### Exercise objective
The entries below must be copied exactly as they are.

── Provided records ──

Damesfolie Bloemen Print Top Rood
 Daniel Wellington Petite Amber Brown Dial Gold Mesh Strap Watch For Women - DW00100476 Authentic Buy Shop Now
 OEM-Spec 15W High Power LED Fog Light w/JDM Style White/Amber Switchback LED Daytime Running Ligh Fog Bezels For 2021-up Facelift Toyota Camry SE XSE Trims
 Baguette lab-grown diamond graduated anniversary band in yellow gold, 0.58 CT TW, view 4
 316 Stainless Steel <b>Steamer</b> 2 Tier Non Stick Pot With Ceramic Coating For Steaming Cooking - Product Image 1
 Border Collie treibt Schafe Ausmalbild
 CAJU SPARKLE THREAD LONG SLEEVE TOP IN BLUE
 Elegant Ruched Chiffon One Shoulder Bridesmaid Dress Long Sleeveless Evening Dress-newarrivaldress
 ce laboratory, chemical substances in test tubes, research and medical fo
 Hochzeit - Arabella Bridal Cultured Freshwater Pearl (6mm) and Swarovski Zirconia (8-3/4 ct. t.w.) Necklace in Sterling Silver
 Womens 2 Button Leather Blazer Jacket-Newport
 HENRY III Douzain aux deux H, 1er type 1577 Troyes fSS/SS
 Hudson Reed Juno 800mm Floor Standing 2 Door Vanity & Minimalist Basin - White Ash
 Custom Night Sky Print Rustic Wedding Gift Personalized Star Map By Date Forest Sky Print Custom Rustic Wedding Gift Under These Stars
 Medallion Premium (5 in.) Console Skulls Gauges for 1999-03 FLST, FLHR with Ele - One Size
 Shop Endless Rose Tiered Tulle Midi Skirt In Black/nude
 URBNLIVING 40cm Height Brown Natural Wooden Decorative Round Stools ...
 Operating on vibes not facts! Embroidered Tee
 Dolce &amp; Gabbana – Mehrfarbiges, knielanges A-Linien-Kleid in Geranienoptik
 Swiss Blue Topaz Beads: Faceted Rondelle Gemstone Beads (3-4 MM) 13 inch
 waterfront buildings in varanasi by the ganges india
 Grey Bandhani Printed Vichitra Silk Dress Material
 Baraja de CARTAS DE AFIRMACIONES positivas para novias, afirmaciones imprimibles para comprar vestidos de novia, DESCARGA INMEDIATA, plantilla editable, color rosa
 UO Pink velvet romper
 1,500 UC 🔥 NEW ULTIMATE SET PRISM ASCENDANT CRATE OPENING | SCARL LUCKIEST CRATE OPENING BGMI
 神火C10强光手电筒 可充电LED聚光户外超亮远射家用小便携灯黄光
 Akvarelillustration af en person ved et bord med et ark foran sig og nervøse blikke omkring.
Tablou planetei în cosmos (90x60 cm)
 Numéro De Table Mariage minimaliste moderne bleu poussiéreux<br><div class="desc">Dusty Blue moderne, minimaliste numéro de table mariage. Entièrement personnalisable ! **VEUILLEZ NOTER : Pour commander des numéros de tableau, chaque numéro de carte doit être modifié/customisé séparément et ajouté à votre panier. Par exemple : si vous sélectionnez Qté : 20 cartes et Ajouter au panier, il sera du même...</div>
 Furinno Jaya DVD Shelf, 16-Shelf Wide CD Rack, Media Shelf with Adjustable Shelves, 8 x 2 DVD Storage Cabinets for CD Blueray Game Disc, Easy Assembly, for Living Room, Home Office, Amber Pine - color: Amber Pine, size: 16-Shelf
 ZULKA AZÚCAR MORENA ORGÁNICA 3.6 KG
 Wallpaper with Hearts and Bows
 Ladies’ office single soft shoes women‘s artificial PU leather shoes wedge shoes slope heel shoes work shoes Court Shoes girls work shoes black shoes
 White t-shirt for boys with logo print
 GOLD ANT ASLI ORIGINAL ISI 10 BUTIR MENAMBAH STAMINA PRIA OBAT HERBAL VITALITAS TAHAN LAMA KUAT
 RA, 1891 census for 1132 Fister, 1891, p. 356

───

### Exercise solution
Damesfolie Bloemen Print Top Rood
 Daniel Wellington Petite Amber Brown Dial Gold Mesh Strap Watch For Women - DW00100476 Authentic Buy Shop Now
 OEM-Spec 15W High Power LED Fog Light w/JDM Style White/Amber Switchback LED Daytime Running Ligh Fog Bezels For 2021-up Facelift Toyota Camry SE XSE Trims
 Baguette lab-grown diamond graduated anniversary band in yellow gold, 0.58 CT TW, view 4
 316 Stainless Steel <b>Steamer</b> 2 Tier Non Stick Pot With Ceramic Coating For Steaming Cooking - Product Image 1
 Border Collie treibt Schafe Ausmalbild
 CAJU SPARKLE THREAD LONG SLEEVE TOP IN BLUE
 Elegant Ruched Chiffon One Shoulder Bridesmaid Dress Long Sleeveless Evening Dress-newarrivaldress
 ce laboratory, chemical substances in test tubes, research and medical fo
 Hochzeit - Arabella Bridal Cultured Freshwater Pearl (6mm) and Swarovski Zirconia (8-3/4 ct. t.w.) Necklace in Sterling Silver
 Womens 2 Button Leather Blazer Jacket-Newport
 HENRY III Douzain aux deux H, 1er type 1577 Troyes fSS/SS
 Hudson Reed Juno 800mm Floor Standing 2 Door Vanity & Minimalist Basin - White Ash
 Custom Night Sky Print Rustic Wedding Gift Personalized Star Map By Date Forest Sky Print Custom Rustic Wedding Gift Under These Stars
 Medallion Premium (5 in.) Console Skulls Gauges for 1999-03 FLST, FLHR with Ele - One Size
 Shop Endless Rose Tiered Tulle Midi Skirt In Black/nude
 URBNLIVING 40cm Height Brown Natural Wooden Decorative Round Stools ...
 Operating on vibes not facts! Embroidered Tee
 Dolce &amp; Gabbana – Mehrfarbiges, knielanges A-Linien-Kleid in Geranienoptik
 Swiss Blue Topaz Beads: Faceted Rondelle Gemstone Beads (3-4 MM) 13 inch
 waterfront buildings in varanasi by the ganges india
 Grey Bandhani Printed Vichitra Silk Dress Material
 Baraja de CARTAS DE AFIRMACIONES positivas para novias, afirmaciones imprimibles para comprar vestidos de novia, DESCARGA INMEDIATA, plantilla editable, color rosa
 UO Pink velvet romper
 1,500 UC 🔥 NEW ULTIMATE SET PRISM ASCENDANT CRATE OPENING | SCARL LUCKIEST CRATE OPENING BGMI
 神火C10强光手电筒 可充电LED聚光户外超亮远射家用小便携灯黄光
 Akvarelillustration af en person ved et bord med et ark foran sig og nervøse blikke omkring.
Tablou planetei în cosmos (90x60 cm)
 Numéro De Table Mariage minimaliste moderne bleu poussiéreux<br><div class="desc">Dusty Blue moderne, minimaliste numéro de table mariage. Entièrement personnalisable ! **VEUILLEZ NOTER : Pour commander des numéros de tableau, chaque numéro de carte doit être modifié/customisé séparément et ajouté à votre panier. Par exemple : si vous sélectionnez Qté : 20 cartes et Ajouter au panier, il sera du même...</div>
 Furinno Jaya DVD Shelf, 16-Shelf Wide CD Rack, Media Shelf with Adjustable Shelves, 8 x 2 DVD Storage Cabinets for CD Blueray Game Disc, Easy Assembly, for Living Room, Home Office, Amber Pine - color: Amber Pine, size: 16-Shelf
 ZULKA AZÚCAR MORENA ORGÁNICA 3.6 KG
 Wallpaper with Hearts and Bows
 Ladies’ office single soft shoes women‘s artificial PU leather shoes wedge shoes slope heel shoes work shoes Court Shoes girls work shoes black shoes
 White t-shirt for boys with logo print
 GOLD ANT ASLI ORIGINAL ISI 10 BUTIR MENAMBAH STAMINA PRIA OBAT HERBAL VITALITAS TAHAN LAMA KUAT
 RA, 1891 census for 1132 Fister, 1891, p. 356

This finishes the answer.